Una città che cresce e si sviluppa non su tre, ma su quattro dimensioni con una griglia spaziale che si estende in altezza, in orizzontale e in profondità dove al suo interno vivono i suoi creatori: l’umanità stessa. I cittadini, gli “urban user”, sempre pronti a trasformare, a distruggere e a ricostruire continuamente il loro mondo, rispettando il proprio passato. E la quarta dimensione? La quarta dimensione è il tempo.

Immagine: © ADAGP-Yona Friedman.

Uno degli aspetti sottovalutati di questi disegni è che non mostrano un’immagine statica ma solo un momento, un’esperienza temporale indefinita, il frame di una città in continua trasformazione e mutazione, non di certo un progetto urbano finito. Il valore temporale è difatti uno dei fattori più interessanti e poco indagato del lavoro di Friedman.
La sua Ville Spatiale è una città che si forma come una sorta di nuovo firmamento, un cielo che ogni cittadino abita e disegna secondo le proprie esigenze. Il suo è un invito poetico a colonizzare il cielo, e come il cielo la sua città cambia e si trasforma continuamente, introducendoci verso una architettura non necessaria che si dissolve nell’aria, ed in essa e con essa si confonde.

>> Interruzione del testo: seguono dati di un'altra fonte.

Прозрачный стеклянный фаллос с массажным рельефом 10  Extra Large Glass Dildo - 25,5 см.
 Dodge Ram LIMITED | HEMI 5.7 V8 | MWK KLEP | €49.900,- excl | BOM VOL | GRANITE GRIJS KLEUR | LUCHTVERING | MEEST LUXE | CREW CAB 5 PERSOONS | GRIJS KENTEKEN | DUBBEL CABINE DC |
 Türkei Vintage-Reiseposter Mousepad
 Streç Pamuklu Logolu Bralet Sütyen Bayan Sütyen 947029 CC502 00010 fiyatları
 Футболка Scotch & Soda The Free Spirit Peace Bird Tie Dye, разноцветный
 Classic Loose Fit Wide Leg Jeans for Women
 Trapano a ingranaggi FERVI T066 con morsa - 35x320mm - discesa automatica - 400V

Immagine: © ADAGP-Yona Friedman.

La città e l’architettura, per lui, non sono più pensate come oggetti immutabili del tempo, ma come processi temporanei che si adattano continuamente alla realtà immanente, dispositivi mobili per una società mobile.
Quello che introduce Friedman è una nuova forma di relazione tra materico e immaterico, legata alla politica dello sharing e della condivisione democratica dello spazio. Senza dubbi il suo è un pensiero e un atteggiamento verso la realtà e l’architettura prettamente gassoso, che dà vita per l’appunto ad un universo spaziale dinamico, capace di modificare lo spazio in ogni situazione possibile, che ritroviamo anche all’interno della teoria dell’Architettura Gassosa(3).
L’eredità che Friedman ci lascia è enorme, dandoci la possibilità di indagare il futuro sotto prospettive sempre nuove e innovative. Il maestro ci ha lasciato, ma rimarrà per sempre una guida per tutti noi architetti e artisti contemporanei, per costruire insieme a lui e grazie a lui, un mondo migliore.

Note
1. Aldo Van Eyck, in Alison Smithson, a cura di, Team 10 Primer 1953-62, in “Architectural Design”, dicembre 1962, p. 564.
2.
Yona Friedman, L’architettura mobile, Verso una città concepita dai suoi abitanti, ed. Paoline, 1972, pp. 138-39.
3. E
mmanuele Lo Giudice, Architettura gassosa, per un nuovo realismo critico, ed. 2018.